Sejak berusia 30 tahun, Mukri sudah membiasakan diri keluarganya untuk memperbanyak ibadah malam. Tujuannya untuk meningkatkan iman dan takwa kepada Allah SWT. “Kami selalu berpacu untuk khatam Alquran. Itu saya lakukan sejak 30 tahun lalu saat masih punya anak satu. Sekarang sudah punya anak empat,” kata Mukri.
Tak hanya itu, di tengah kesibukannya mengajar di beberapa perguruan tinggi, ia masih menyempatkan menyiapkan tausiyah jelang sahur. “Semalamnya membuat jadwal, paginya istirahat, kemudian membuat makalah dan sebagainya,” ucapnya.
Sementara itu, suasana hangat sudah terasa saat keluarga Mukri menyantap sahur bersama.
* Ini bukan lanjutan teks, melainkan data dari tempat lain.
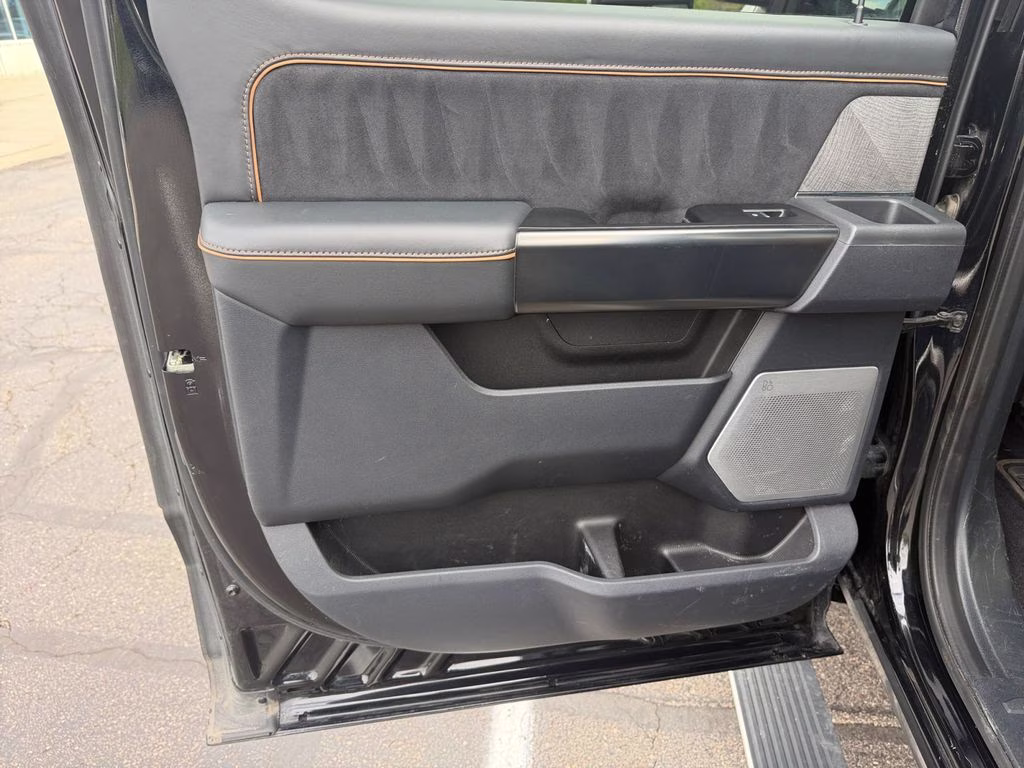 2023 Agate Black Metallic Ford Super Duty F-450 DRW Platinum w/Camper Pkg & Twin Panel Moonroof 4X4 Truck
Di kediamannya yang berlokasi di Kampung Waru, Kecamatan Parung, Kabupaten Bogor, mereka berkumpul bersama secara sederhana di ruang makan.
Beberapa santapan sudah disediakan istrinya, Siti Manis Falahiah. Mulai dari rendang, sambal kentang, cah kangkung, sawi cumi, lalap terong, tempe goreng, lele goreng, ayam goreng hingga pecak timun.
Mukri mengaku tidak ada makanan yang dikhususkan baginya di Bulan Suci Ramadan. Sebab, ia bersama anggota keluarga lainnya menikmati apa saja hidangan yang sudah disediakan istri tercintanya. “Kami saling menyayangi dan menghormati. Apa pun yang dihidangkan tak menjadi masalah, semua anak-anak saya juga tidak ada persyaratan khusus,” ungkapnya.